--- MATERIAL FOR THIS TASK Enclosed Below ---
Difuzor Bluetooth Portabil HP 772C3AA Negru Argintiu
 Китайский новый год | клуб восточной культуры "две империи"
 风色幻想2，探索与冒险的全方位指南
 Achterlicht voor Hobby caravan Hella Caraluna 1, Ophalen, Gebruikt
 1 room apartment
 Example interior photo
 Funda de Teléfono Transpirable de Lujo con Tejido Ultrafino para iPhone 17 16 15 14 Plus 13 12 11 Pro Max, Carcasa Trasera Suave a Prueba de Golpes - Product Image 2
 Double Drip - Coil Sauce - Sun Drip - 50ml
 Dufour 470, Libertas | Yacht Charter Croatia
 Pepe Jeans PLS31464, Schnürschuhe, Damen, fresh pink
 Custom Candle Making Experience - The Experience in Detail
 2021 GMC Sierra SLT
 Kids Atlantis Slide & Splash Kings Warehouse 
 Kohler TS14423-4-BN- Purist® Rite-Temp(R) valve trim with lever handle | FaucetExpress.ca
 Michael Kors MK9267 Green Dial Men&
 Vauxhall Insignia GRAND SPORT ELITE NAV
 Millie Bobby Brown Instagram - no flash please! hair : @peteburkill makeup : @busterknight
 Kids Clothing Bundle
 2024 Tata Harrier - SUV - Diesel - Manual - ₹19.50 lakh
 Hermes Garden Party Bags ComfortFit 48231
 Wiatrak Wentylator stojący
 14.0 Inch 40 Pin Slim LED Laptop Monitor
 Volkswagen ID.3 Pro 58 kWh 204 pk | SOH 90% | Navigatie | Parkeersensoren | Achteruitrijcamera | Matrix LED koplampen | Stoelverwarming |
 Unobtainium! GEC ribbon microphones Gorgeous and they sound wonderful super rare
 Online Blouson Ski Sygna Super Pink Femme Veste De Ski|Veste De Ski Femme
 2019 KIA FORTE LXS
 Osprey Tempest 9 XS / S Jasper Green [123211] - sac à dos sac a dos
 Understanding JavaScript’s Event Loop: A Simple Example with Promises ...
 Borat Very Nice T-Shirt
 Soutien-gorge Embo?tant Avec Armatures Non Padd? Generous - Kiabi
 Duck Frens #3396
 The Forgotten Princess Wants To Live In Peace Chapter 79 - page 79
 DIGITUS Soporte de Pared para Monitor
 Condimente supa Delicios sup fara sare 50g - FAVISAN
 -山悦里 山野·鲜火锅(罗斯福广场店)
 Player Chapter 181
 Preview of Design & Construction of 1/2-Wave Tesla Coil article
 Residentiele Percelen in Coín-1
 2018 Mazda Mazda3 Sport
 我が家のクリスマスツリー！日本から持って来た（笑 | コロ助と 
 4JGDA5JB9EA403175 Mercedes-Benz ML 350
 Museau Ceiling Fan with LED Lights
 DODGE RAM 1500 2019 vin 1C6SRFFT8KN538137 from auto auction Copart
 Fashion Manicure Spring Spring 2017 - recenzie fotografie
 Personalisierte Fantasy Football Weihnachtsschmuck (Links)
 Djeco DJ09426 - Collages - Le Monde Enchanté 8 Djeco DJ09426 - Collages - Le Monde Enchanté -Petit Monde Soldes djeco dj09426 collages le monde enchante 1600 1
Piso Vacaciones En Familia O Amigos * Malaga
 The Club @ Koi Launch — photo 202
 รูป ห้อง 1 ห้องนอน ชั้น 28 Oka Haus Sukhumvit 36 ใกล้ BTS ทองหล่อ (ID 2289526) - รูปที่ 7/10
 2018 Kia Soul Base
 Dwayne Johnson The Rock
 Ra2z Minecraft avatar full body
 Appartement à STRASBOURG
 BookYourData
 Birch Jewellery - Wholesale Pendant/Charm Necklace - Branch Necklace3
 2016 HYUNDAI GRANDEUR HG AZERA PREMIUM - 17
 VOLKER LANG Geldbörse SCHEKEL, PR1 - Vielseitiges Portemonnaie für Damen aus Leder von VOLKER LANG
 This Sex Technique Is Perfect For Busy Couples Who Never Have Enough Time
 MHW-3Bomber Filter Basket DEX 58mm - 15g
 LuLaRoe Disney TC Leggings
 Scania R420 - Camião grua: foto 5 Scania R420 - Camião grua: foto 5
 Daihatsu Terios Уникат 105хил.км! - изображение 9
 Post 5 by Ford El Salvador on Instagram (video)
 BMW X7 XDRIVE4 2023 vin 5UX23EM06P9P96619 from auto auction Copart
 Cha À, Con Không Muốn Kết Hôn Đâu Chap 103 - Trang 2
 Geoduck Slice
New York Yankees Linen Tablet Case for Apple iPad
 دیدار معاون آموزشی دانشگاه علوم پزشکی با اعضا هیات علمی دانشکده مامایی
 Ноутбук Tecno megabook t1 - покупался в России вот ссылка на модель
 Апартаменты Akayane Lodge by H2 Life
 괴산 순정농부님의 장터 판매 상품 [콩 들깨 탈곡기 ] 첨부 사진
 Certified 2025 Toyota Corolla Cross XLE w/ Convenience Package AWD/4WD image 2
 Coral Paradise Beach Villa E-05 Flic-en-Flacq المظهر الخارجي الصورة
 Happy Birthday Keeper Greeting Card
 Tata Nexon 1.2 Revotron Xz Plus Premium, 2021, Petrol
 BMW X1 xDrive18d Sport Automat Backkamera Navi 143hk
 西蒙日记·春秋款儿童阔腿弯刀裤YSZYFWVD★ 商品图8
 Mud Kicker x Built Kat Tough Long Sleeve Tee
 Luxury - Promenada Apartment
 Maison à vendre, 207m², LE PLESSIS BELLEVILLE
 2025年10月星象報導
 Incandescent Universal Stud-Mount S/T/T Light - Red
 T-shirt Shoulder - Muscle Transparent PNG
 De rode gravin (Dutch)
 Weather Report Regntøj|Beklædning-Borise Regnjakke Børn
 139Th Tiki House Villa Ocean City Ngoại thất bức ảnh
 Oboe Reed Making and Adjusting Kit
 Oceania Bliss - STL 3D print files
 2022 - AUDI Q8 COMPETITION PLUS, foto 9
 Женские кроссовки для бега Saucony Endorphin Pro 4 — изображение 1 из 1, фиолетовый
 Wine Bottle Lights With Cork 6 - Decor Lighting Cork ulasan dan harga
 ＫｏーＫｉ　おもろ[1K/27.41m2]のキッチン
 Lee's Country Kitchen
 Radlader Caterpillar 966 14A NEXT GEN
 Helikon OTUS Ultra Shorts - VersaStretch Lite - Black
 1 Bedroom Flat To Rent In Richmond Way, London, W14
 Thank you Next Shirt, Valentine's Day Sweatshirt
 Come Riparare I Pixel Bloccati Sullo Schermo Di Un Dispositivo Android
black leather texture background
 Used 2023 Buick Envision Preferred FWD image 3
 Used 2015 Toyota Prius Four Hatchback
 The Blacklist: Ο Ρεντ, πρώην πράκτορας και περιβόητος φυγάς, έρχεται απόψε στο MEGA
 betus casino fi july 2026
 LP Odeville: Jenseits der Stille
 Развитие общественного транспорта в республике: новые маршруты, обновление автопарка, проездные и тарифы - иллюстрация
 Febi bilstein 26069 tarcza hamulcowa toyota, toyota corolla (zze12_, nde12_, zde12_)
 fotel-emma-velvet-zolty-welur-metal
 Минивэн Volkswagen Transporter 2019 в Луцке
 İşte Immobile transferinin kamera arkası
--- End of Enclosed MATERIAL FOR THIS TASK ---
WORK ITEM — Looking at the records above, return exactly the lines from the line with "2019 KIA FORTE LXS" to the line with "Museau Ceiling Fan with LED Lights", both ends included.

ANSWER FOR THE TASK —
 2019 KIA FORTE LXS
 Osprey Tempest 9 XS / S Jasper Green [123211] - sac à dos sac a dos
 Understanding JavaScript’s Event Loop: A Simple Example with Promises ...
 Borat Very Nice T-Shirt
 Soutien-gorge Embo?tant Avec Armatures Non Padd? Generous - Kiabi
 Duck Frens #3396
 The Forgotten Princess Wants To Live In Peace Chapter 79 - page 79
 DIGITUS Soporte de Pared para Monitor
 Condimente supa Delicios sup fara sare 50g - FAVISAN
 -山悦里 山野·鲜火锅(罗斯福广场店)
 Player Chapter 181
 Preview of Design & Construction of 1/2-Wave Tesla Coil article
 Residentiele Percelen in Coín-1
 2018 Mazda Mazda3 Sport
 我が家のクリスマスツリー！日本から持って来た（笑 | コロ助と 
 4JGDA5JB9EA403175 Mercedes-Benz ML 350
 Museau Ceiling Fan with LED Lights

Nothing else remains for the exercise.